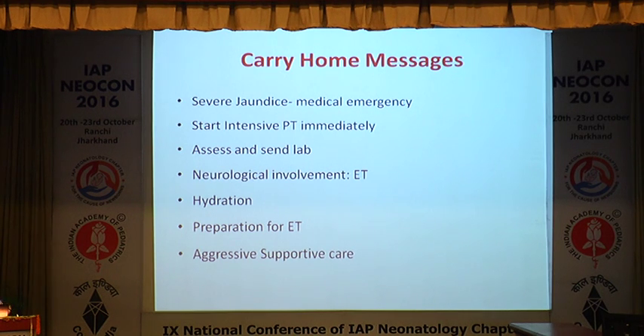In summary: severe jaundice is a medical emergency with potential to develop bilirubin encephalopathy and sequelae. Start intensive phototherapy as early as possible. Assess and send laboratory investigations but do not wait for results before starting phototherapy. Whenever neurological involvement is present, perform early exchange transfusion — arrange blood as soon as a baby arrives with severe jaundice. Start hydration as it helps reduce bilirubin levels faster. Aggressive supportive care means hydration, thermal stability, and close monitoring to prevent bilirubin encephalopathy and its sequelae.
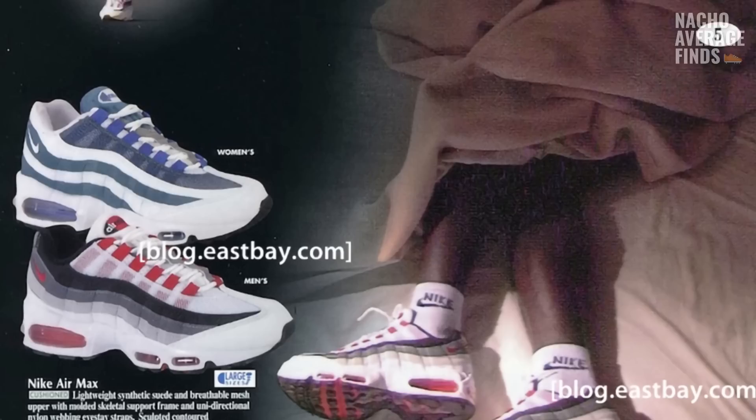Additionally, the Air Max 95 premiered a visible air unit at the forefront of the shoe — something that had never been done before. When the shoe released in 1995 for $140 retail, its risky design and departure from the previous Air Max made it an instant success, loved by the running world for its design and functionality.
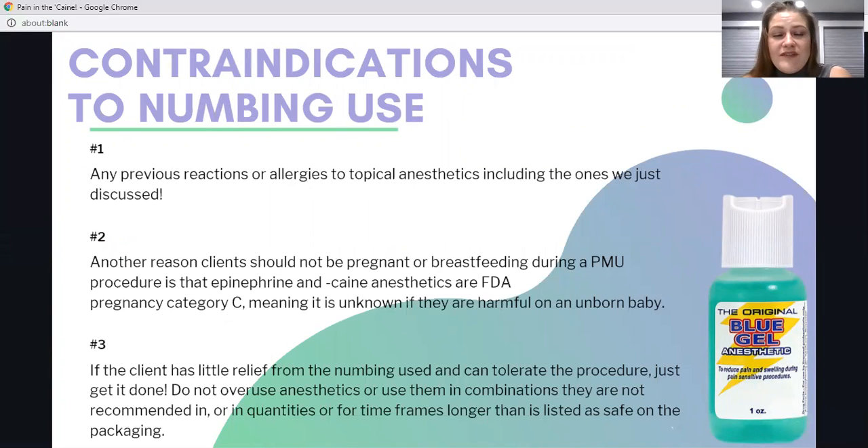Contraindications to numbing use include any previous reactions or allergies to topical anesthetics. Clients should also not get a permanent makeup procedure when pregnant or breastfeeding, because epinephrine and the lidocaines, benzocaines, prilocaines, and tetracaines are FDA pregnancy category C — meaning they haven't been tested on pregnant women, so there is no known data on risk to unborn children. If we don't know whether it's safe, we can't say it is. If a client has little relief from a numbing agent but can tolerate the procedure, just get it done — overusing or inappropriately combining anesthetics may harm the client.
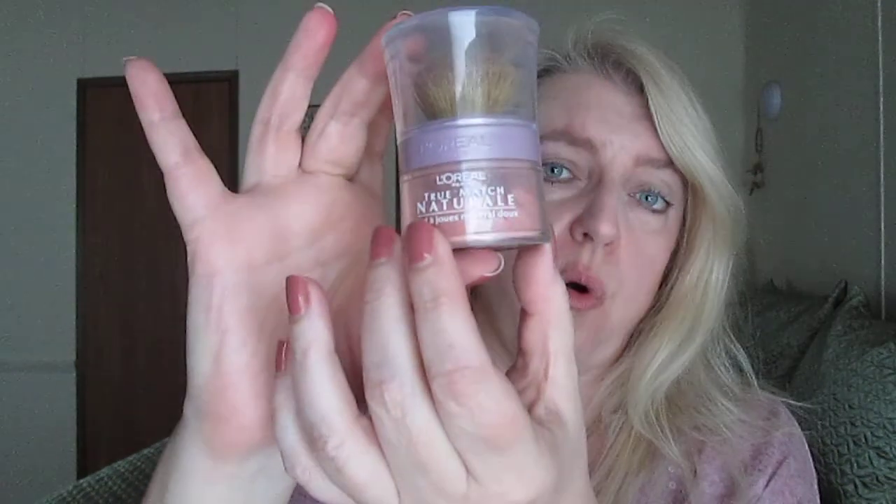Next up is what I'm wearing today: L'Oreal True Match Natural Gentle Mineral Blush in Soft Rose. It is a gorgeous mineral blush — kind of expensive for the drugstore, but in my opinion well worth it. The finish on this is really something. I'll put some on my hand so you can see — that's what it looks like blended out. Gorgeous.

• **What to produce**: From the line containing "Additionally, the Air" through the line containing "Contraindications to numbing", copy every line above exactly, without pictures.

• **Completed exercise**:
Additionally, the Air Max 95 premiered a visible air unit at the forefront of the shoe — something that had never been done before. When the shoe released in 1995 for $140 retail, its risky design and departure from the previous Air Max made it an instant success, loved by the running world for its design and functionality.
Contraindications to numbing use include any previous reactions or allergies to topical anesthetics. Clients should also not get a permanent makeup procedure when pregnant or breastfeeding, because epinephrine and the lidocaines, benzocaines, prilocaines, and tetracaines are FDA pregnancy category C — meaning they haven't been tested on pregnant women, so there is no known data on risk to unborn children. If we don't know whether it's safe, we can't say it is. If a client has little relief from a numbing agent but can tolerate the procedure, just get it done — overusing or inappropriately combining anesthetics may harm the client.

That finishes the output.